🤖 AI Summary
Multimodal federated learning faces significant challenges due to client-side modality heterogeneity and inconsistent model architectures, which hinder feature alignment, incur high communication costs, and compromise robustness. To address these issues, this work proposes CoMFed, a novel framework that introduces, for the first time, a latent-space consensus mechanism. CoMFed employs learnable projection matrices to generate compact cross-modal latent representations and incorporates a latent-space regularization term to align representations across clients. This approach preserves data privacy while substantially reducing both communication and computational overhead, and enhances robustness against outliers. Experimental results demonstrate that CoMFed achieves competitive accuracy on human activity recognition benchmarks.
📝 Abstract
Federated learning (FL) enables collaborative model training across distributed devices without sharing raw data, but applying FL to multi-modal settings introduces significant challenges. Clients typically possess heterogeneous modalities and model architectures, making it difficult to align feature spaces efficiently while preserving privacy and minimizing communication costs.

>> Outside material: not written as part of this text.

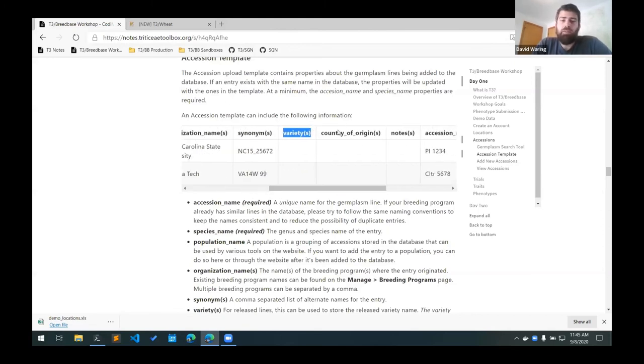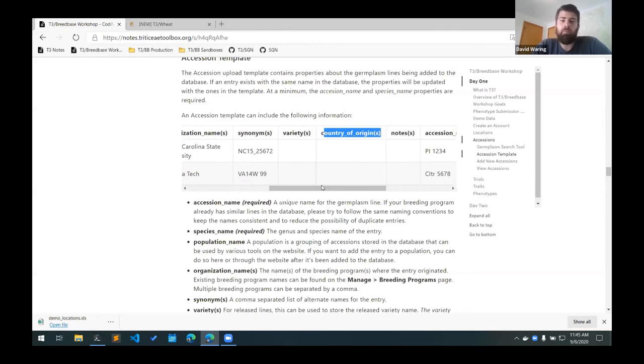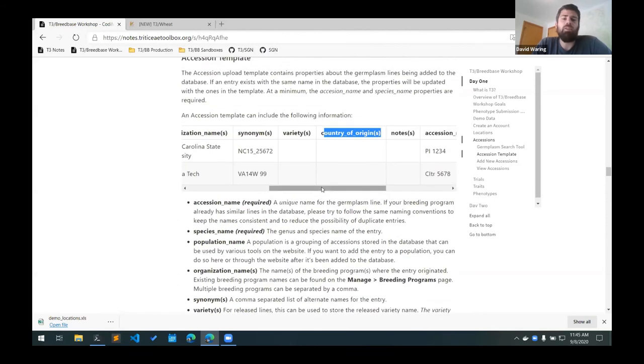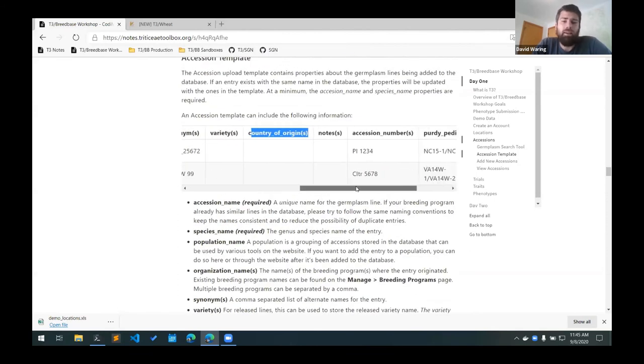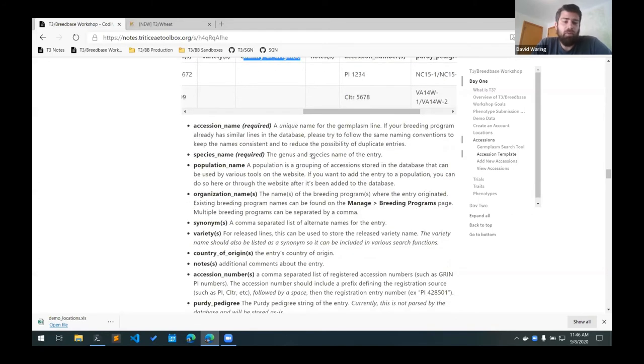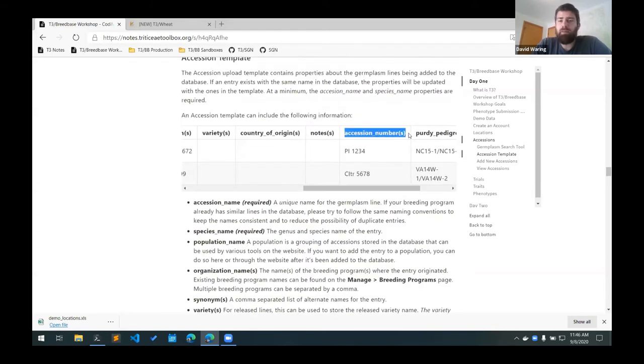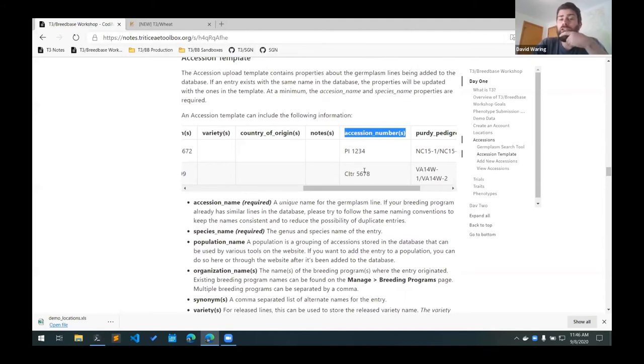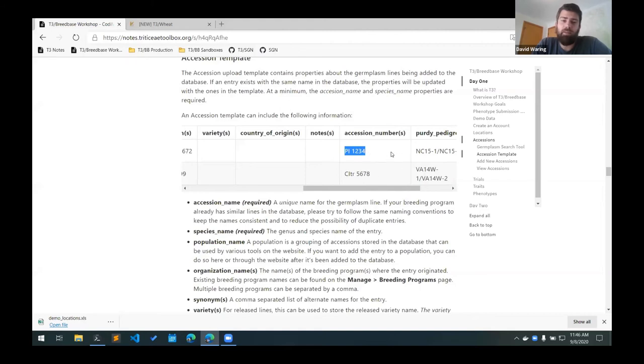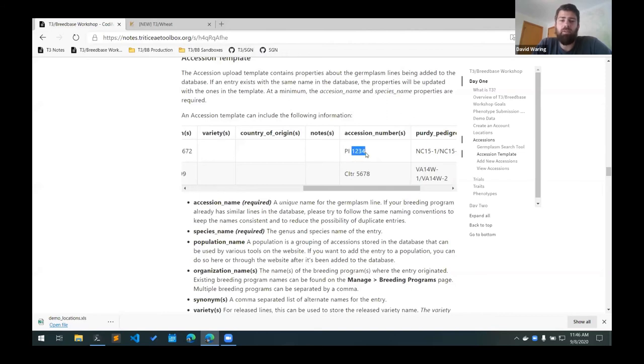The country of origin can be used to specify where the line originated from. We typically leave that blank unless it's not the United States. The notes column can be used to add any other details about the line. The accession numbers column can be used for registered accession numbers. So this is if there's a registered PI number for GRIN or CI number. And again, you can give multiple accession numbers by separating them with a comma. And then the format for the accession number is the prefix followed by a space followed by the registered number.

To address this, we introduce CoMFed, a Communication-Efficient Multi-Modal Federated Learning framework that uses learnable projection matrices to generate compressed latent representations. A latent-space regularizer aligns these representations across clients, improving cross-modal consistency and robustness to outliers. Experiments on human activity recognition benchmarks show that CoMFed achieves competitive accuracy with minimal overhead.